8. The executive initiates bills which are sent to the legislature for approval. Such bills when passed, are given assent by the executive before they become laws.

9. Regulations Of Foreign Trade:

The executive regulates foreign trade ( import and export activities) which is crucial to the economic growth and stability of the nation.

10. Monetary Policy:

The executive regulates the economy through its control and regulation of the monetary policy of the nation.

It must protect the economy from collapse by formulating appropriate economic policies. This is the responsibility of the Central Bank Of Nigeria.

The Judiciary:

It is the arm of government that interprets and applies the law when they are broken or when there is doubt or dispute about its intention.

The judiciary adjudicates in disputes arising between the legislature and the executive, between private citizens and government or among organizations.

The judiciary is regarded as the watch dog of the society and indeed, the last hope of the common man. The judiciary is expected to interpret and administer the law impartially.

The judiciary in Nigeria is made up of:

i. The Supreme Court
ii. The Appeal Court
iii. The High Court
iv. The sharia Court
v. The mahlgistrate Court
vi. The Customary Court
vii. Administrative Courts and Tribunals
viii. Industrial Court

Functions And Powers Of The Judiciary

1. Interpretation Of Laws:

This is the main function of the judiciary

2. Settlement Of Disputes:

It settles disputes between the legislative and executive arms of government, among citizens, between citizens and government and between organisations.

3. Punishment Of Offenders Of The Law:

It ensures obedience to the law and punishes those who break the law.

4. Protection Of The Right Of Citizens:

It protects the rights of the citizens and protects the weak from the mighty and adjudicates disputes without fear or favour.

5. It guards against the violation of the country’s constitution hence it puts in check the arbitrary actions of the executive or the legislature.

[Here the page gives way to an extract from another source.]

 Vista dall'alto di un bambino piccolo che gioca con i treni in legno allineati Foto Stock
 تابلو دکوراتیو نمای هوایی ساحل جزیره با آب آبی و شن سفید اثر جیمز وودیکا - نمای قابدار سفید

6. It provides judicial advice to the government as the Attorney General of the federation is the chief law officer of the nation.

7. Election Tribunals:

It presides over elections and to determine the fairness or otherwise of elections and to ensure justice.

The Need For Checks And Balances Of Power In Government

The allure (charm) of power is so strong that deliberate checks and balances must be provided to prevent those who exercise power from tyranny and oppression of the ruled.

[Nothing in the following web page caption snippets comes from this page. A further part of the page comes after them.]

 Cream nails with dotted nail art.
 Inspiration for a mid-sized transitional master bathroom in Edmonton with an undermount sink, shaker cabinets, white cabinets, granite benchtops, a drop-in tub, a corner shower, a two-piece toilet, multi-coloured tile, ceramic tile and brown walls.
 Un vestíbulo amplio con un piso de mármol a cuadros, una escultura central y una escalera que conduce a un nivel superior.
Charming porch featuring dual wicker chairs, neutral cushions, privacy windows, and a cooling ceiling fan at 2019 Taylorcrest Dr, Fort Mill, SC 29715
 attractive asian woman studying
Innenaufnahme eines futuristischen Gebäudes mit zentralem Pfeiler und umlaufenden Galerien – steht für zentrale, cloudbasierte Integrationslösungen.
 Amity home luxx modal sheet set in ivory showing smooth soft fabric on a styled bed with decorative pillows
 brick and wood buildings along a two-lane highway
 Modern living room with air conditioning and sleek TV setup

This is important to forestall abuse of power and curtail the excesses of our rulers. Pursuant to this objective, the doctrine of separation of powers was propounded.

The doctrine of separation of powers

This doctrine was propounded by montesquieu, a French political thinker in 1748.

The doctrine seeks to ensure that the power of government are not controlled by one person or body of persons. The reason for this is that “power corrupts, and absolute power corrupts absolutely”.

It is hence dangerous to concentrate the powers of government in one single individual or body. For this reason, the doctrine of separation of power seeks to decentralize and balance power among the three arms of government, (the executive legislature and the judiciary) to prevent dictatorship or oppression or tyranny in the exercise of powers of government.

Reasons For Separation Of Powers are

1. To maintain the rights, liberty and freedom of citizens, so the those in authority would not infringe on them.

2. To avoid confusion, disorder and anarchy in the exercise of government power. The three arms are on their powers and limitations.

3. The encourage division of labour and achieve specialization in administration. Each arm specializes and perfects itself in its area of control.

4. To achieve checks and balances in the exercise of power, because each arm where the buck stops.

5. To ensure judicious application of the resources of government and guarantee accountability by public office holders.

6. To enhance respect for the rule of law by the three organs of government.

7. To enhance administrative efficiency and check abuses by public officials.